# Aim of the task
From the material below, set down exactly the lines that run from the one containing "Anti-PDE1B mouse monoclonal" to the one containing "44. 1 Neurons", minus the pictures.

# Record excerpts

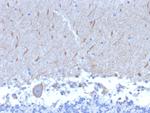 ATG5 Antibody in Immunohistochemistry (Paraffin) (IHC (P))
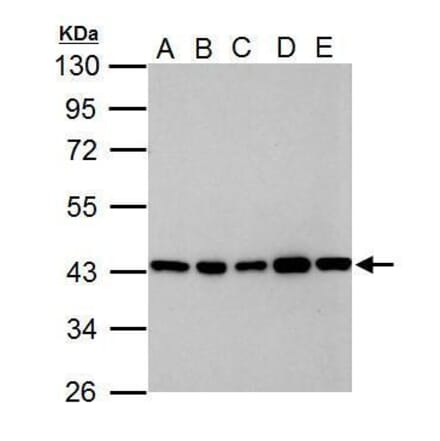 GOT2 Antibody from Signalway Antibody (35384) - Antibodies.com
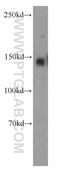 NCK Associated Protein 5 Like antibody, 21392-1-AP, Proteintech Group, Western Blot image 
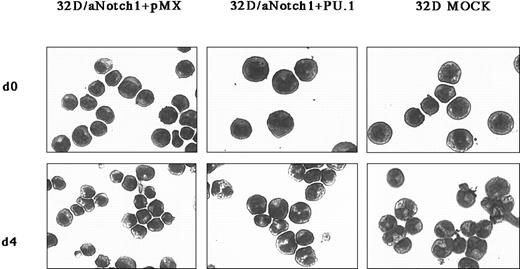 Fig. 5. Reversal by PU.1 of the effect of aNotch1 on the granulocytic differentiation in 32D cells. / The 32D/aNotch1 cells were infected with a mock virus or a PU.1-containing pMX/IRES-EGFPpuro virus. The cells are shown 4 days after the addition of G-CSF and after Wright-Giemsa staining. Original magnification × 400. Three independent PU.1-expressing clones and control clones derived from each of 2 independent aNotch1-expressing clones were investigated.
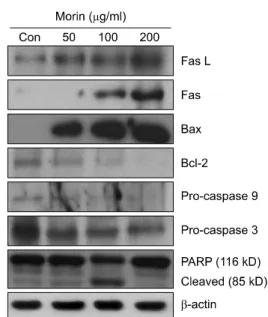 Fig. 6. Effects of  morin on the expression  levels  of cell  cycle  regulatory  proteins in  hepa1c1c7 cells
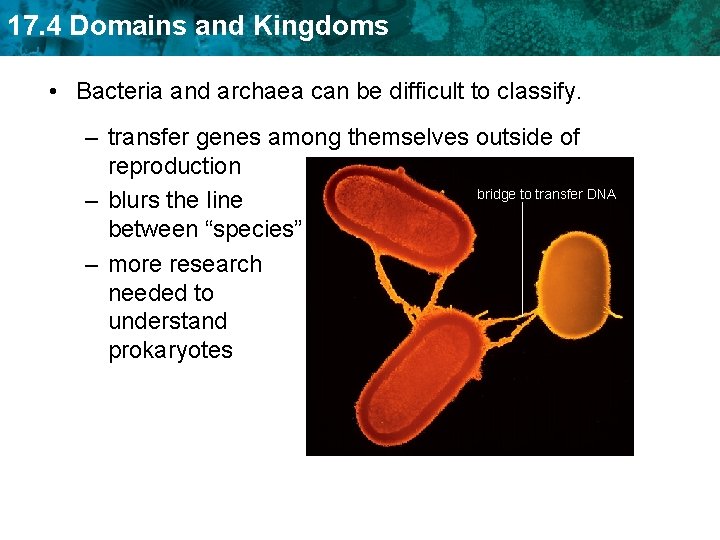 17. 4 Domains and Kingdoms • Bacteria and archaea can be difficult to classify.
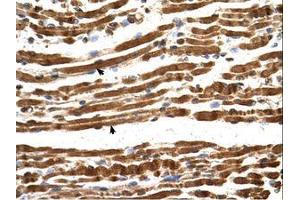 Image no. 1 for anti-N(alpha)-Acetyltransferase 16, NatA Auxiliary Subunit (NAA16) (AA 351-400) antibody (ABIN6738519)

...

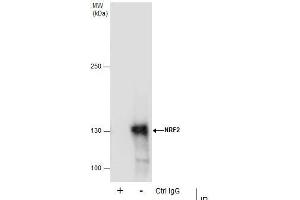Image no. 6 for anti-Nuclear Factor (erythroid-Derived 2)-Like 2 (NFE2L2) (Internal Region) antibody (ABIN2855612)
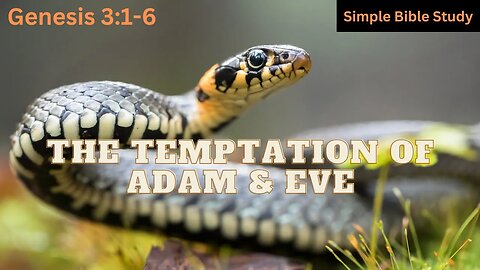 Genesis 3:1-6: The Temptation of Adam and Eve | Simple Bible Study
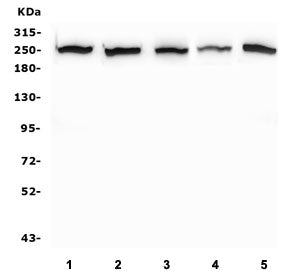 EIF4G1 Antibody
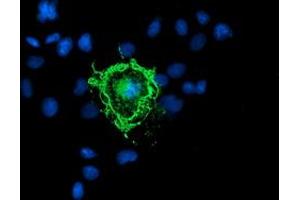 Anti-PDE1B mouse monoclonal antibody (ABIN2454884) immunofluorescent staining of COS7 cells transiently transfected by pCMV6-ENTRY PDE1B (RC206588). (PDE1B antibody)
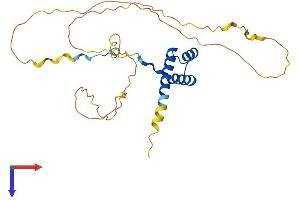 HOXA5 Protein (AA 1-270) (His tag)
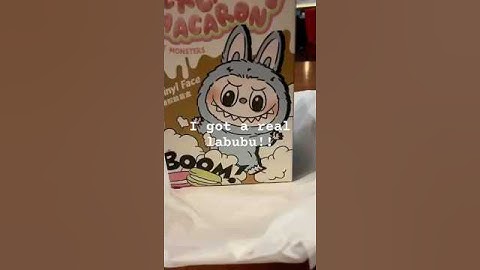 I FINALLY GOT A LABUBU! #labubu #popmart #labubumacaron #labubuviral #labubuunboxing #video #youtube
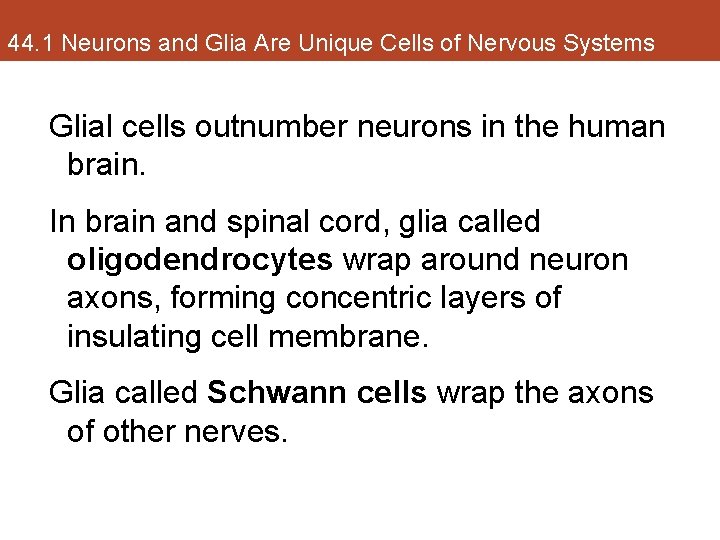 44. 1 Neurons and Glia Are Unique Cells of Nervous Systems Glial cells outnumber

...

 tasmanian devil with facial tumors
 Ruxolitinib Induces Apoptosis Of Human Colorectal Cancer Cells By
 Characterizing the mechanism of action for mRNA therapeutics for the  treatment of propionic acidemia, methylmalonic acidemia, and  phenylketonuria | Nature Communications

# Response to this exercise
 Anti-PDE1B mouse monoclonal antibody (ABIN2454884) immunofluorescent staining of COS7 cells transiently transfected by pCMV6-ENTRY PDE1B (RC206588). (PDE1B antibody)
 HOXA5 Protein (AA 1-270) (His tag)
 I FINALLY GOT A LABUBU! #labubu #popmart #labubumacaron #labubuviral #labubuunboxing #video #youtube
 44. 1 Neurons and Glia Are Unique Cells of Nervous Systems Glial cells outnumber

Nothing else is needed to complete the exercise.